• PROBLEM REQUIREMENTS: Your response should be a copy of each line in the listing below that includes the word "Equipment".

• SUPPLIED ENTRIES:
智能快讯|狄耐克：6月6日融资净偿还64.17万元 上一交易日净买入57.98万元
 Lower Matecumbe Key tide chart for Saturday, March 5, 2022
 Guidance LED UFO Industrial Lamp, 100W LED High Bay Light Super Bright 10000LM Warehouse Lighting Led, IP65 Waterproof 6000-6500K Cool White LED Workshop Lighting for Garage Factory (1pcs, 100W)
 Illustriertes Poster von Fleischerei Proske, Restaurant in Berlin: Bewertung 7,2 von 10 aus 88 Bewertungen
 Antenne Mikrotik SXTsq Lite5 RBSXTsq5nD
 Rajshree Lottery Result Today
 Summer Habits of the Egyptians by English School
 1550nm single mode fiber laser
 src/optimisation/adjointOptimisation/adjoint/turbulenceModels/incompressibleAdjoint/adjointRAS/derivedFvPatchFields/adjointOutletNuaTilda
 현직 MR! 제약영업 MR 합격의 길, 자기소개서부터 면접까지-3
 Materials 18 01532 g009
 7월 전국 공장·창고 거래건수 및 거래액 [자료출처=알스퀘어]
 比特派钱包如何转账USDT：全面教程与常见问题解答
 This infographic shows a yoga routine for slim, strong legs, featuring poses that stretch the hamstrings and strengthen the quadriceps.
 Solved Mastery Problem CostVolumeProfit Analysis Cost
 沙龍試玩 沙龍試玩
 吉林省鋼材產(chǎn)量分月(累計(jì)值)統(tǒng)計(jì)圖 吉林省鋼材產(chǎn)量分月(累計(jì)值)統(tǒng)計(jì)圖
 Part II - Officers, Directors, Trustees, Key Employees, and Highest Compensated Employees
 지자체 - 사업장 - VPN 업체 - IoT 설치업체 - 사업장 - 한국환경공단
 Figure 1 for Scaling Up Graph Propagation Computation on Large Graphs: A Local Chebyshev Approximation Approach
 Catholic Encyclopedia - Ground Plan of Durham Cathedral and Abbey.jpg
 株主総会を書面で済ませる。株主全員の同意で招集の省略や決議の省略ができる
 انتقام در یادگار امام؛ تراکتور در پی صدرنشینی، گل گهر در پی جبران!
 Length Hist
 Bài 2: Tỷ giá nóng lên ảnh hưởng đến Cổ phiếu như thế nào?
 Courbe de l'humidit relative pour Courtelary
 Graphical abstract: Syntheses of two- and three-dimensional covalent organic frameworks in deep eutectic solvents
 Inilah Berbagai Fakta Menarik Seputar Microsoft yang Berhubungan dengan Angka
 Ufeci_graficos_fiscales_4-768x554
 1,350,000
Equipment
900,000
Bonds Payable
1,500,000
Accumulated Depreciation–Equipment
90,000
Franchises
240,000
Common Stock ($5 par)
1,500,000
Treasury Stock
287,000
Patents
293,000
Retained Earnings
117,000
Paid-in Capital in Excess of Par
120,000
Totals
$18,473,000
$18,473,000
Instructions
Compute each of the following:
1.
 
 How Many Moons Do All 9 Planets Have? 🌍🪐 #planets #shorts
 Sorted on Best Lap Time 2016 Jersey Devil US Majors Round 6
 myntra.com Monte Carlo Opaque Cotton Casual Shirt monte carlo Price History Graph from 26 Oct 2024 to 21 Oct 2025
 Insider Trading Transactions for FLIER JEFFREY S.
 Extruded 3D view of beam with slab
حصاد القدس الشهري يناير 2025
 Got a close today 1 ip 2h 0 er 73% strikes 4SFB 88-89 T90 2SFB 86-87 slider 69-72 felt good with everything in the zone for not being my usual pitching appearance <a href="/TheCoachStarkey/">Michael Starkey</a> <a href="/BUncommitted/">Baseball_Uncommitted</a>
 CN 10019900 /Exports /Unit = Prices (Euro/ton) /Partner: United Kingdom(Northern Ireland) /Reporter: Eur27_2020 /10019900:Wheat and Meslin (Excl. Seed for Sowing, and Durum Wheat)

• YOUR SOLUTION:
Equipment
Accumulated Depreciation–Equipment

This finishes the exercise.